Measures proper acceleration using FXLS8974CF and STM32F407VGT6

Velocity is crucial

Published Mar 11, 2023

Click board™

Accel 4 Click

Dev Board

Clicker 2 for STM32

Compiler

NECTO Studio

MCU

STM32F407VGT6

Determine the object's position in space and monitor its movement

Hardware Overview

How does it work?

Accel 4 Click is based on the FXLS8974CF, a highly reliable digital triaxial acceleration from NXP Semiconductors. The FXLS8974CF is highly configurable with a programmable acceleration range of ±2g, ±4g, ±8g, or ±16g, capable of measuring accelerations with selectable output data rates.

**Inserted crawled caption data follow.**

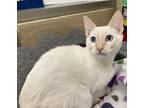 Jamie Siamese Young Male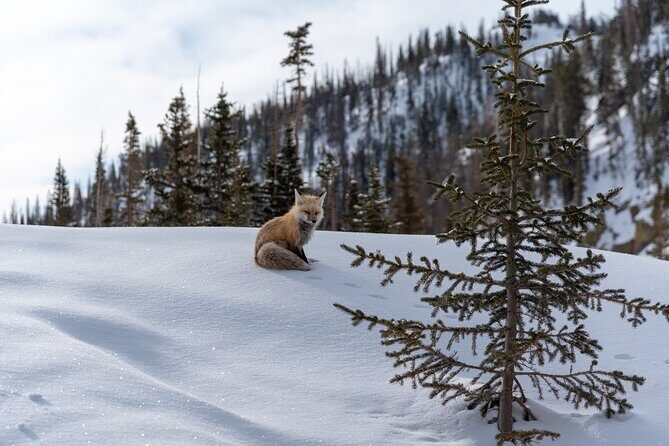 Private Wildlife Hiking Tour in Rocky Mountain National Park - Who Would Love This Tour?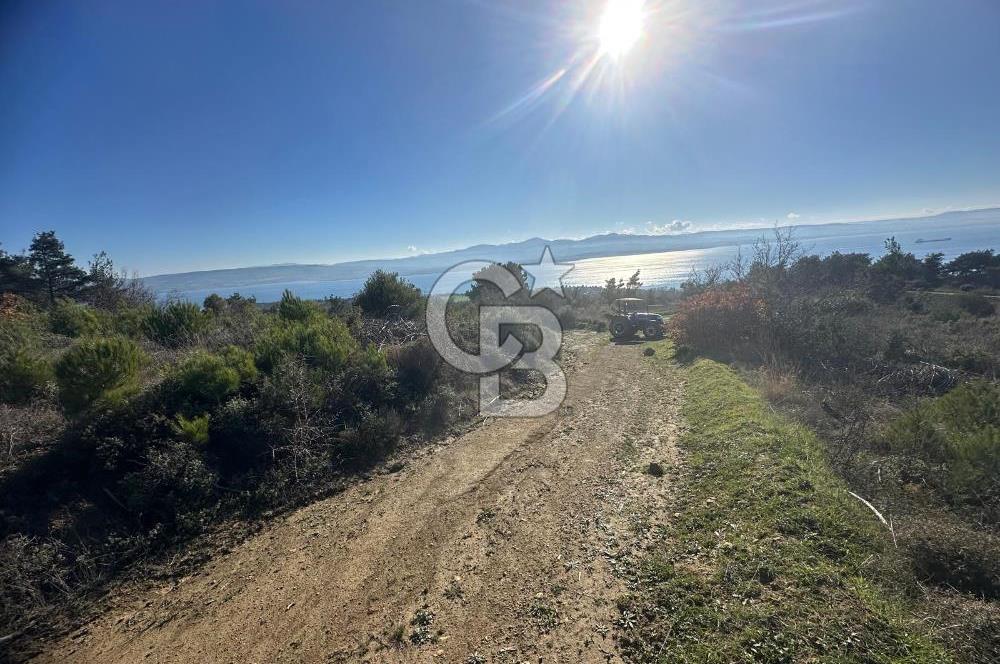 Deniz Manzaralı Tarla, Gelibolu Burhanlı'da Emsallere Göre Uygun!
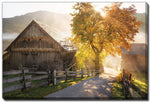 Sunlit Farm Lane Wall Art - Green/Brown - 38 X 60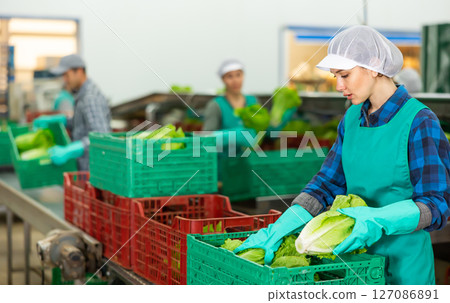 Female employee in uniform inspecting quality of lettuce in box at sorting factory 127086891
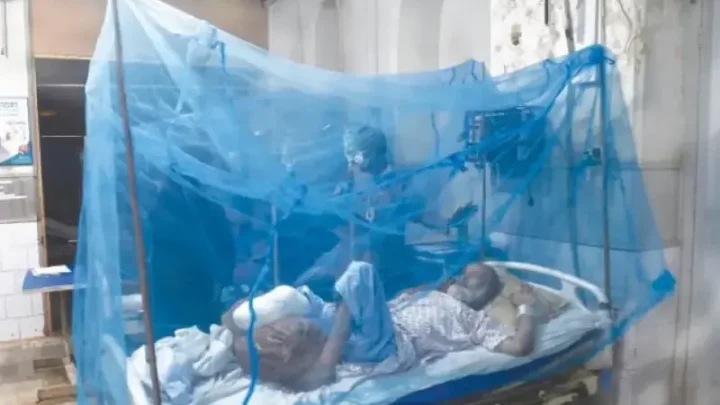 Defeating malaria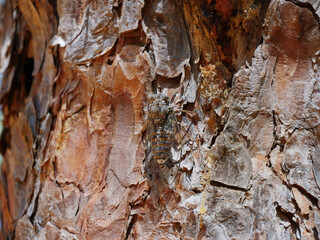 cigale locust blending with tree texture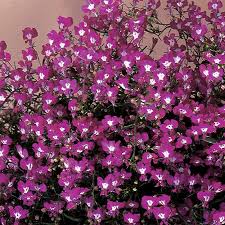 Image result for Lobelia sonderiana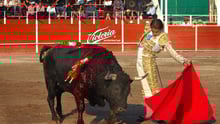 Bullfight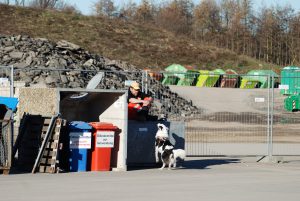 Leo im Training in Bretten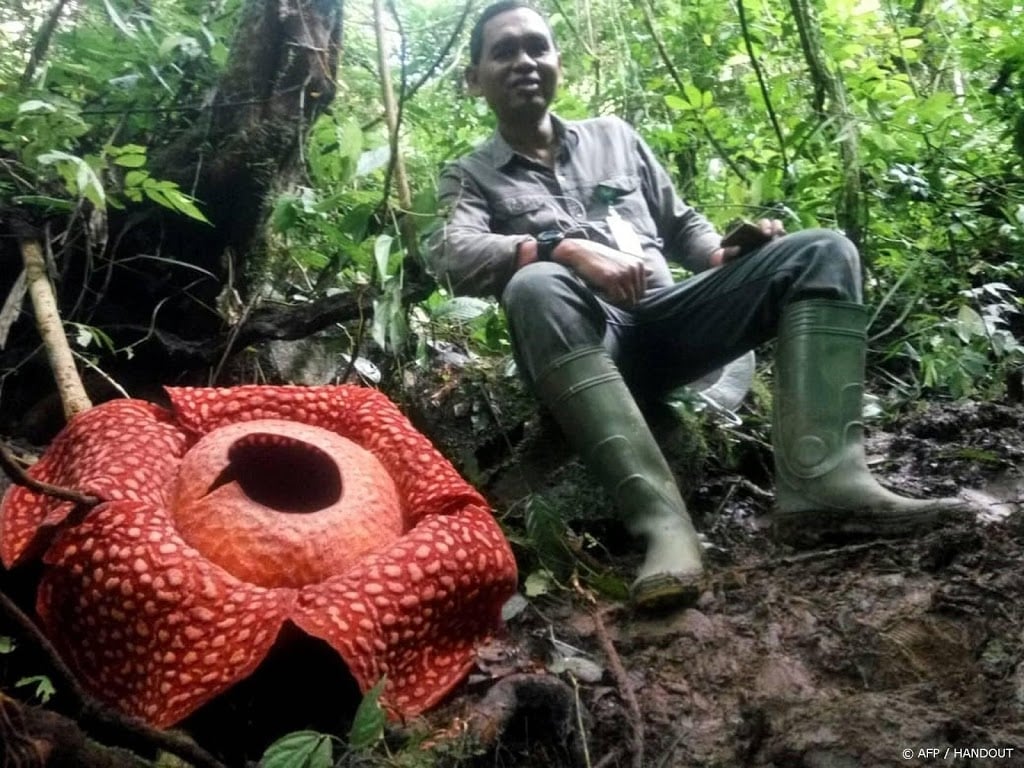 Grootste bloem ter wereld gemeten op Sumatra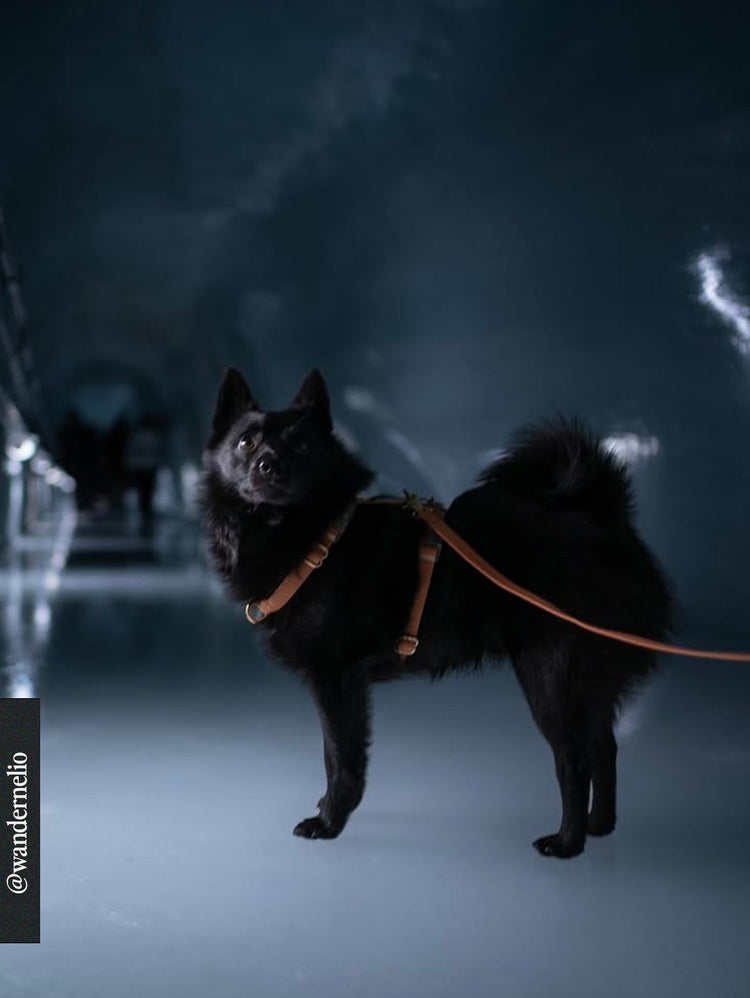 Harnais Cloud Lite – Chai Brown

It supports high-performance and low-power operating modes, allowing maximum flexibility to meet the resolution and power needs for various use cases, from automotive (convenience and security) through industrial IoT to some consumer devices. This sensor includes advanced digital features such as the SDCD block for inertial event detection, auto wake-sleep, and a 32-sample FIFO/LIFO buffer. Besides, it has an embedded temperature sensor with an 8 bits resolution, sensitivity of 1°C/LSB, and a wide measurement range.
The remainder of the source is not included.